WHAT IS REQUIRED
Make an exact copy of the entries below, with all images left out.

(Image-caption web data)
"""
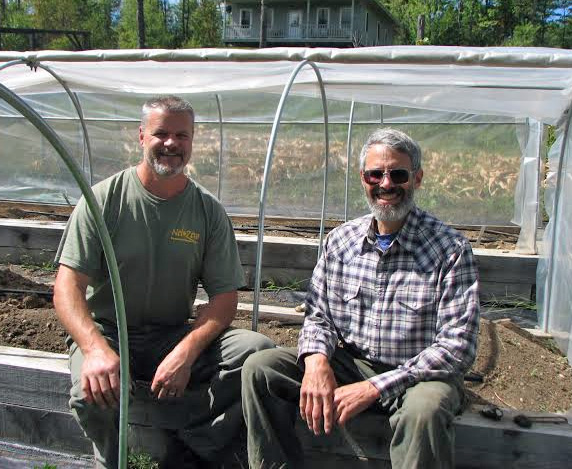 Lee Gustafson of Net Zero Renewable Resources, left,  has purchased Good Wood, a maker of raised bed and greenhouse kits from its owner, Irwin Post, right.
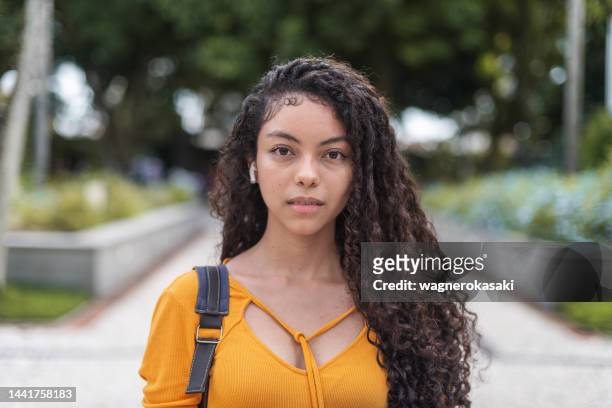 outdoor portrait of a female university student - 19 years stock pictures, royalty-free photos & images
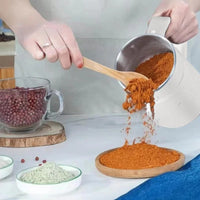 Frau gießt Gewürzpulver aus weißem Behälter auf Holzplatte, Küche, Kochen, Zutaten.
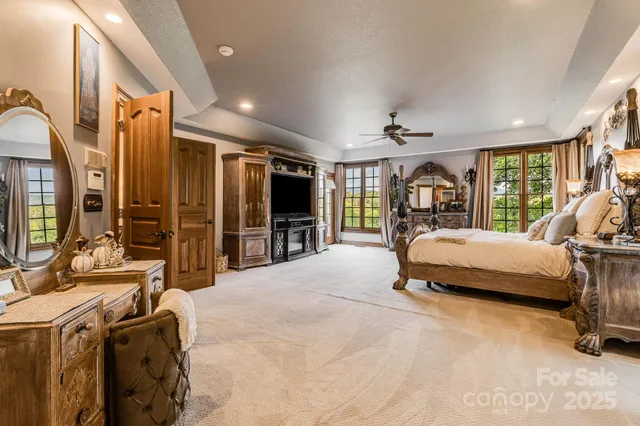 a bedroom with furniture and a flat screen tv
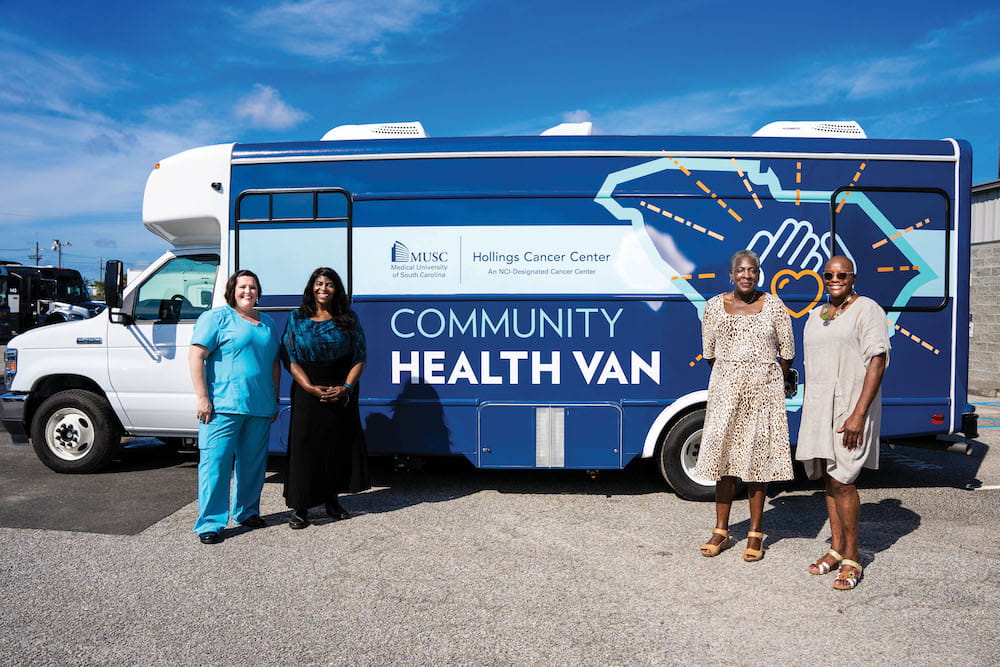 Dr. Ford and others standing in front of the MUSC Hollings community health van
"""
OUTPUT OF THE EXERCISE
 Lee Gustafson of Net Zero Renewable Resources, left,  has purchased Good Wood, a maker of raised bed and greenhouse kits from its owner, Irwin Post, right.
 outdoor portrait of a female university student - 19 years stock pictures, royalty-free photos & images
 Frau gießt Gewürzpulver aus weißem Behälter auf Holzplatte, Küche, Kochen, Zutaten.
 a bedroom with furniture and a flat screen tv
 Dr. Ford and others standing in front of the MUSC Hollings community health van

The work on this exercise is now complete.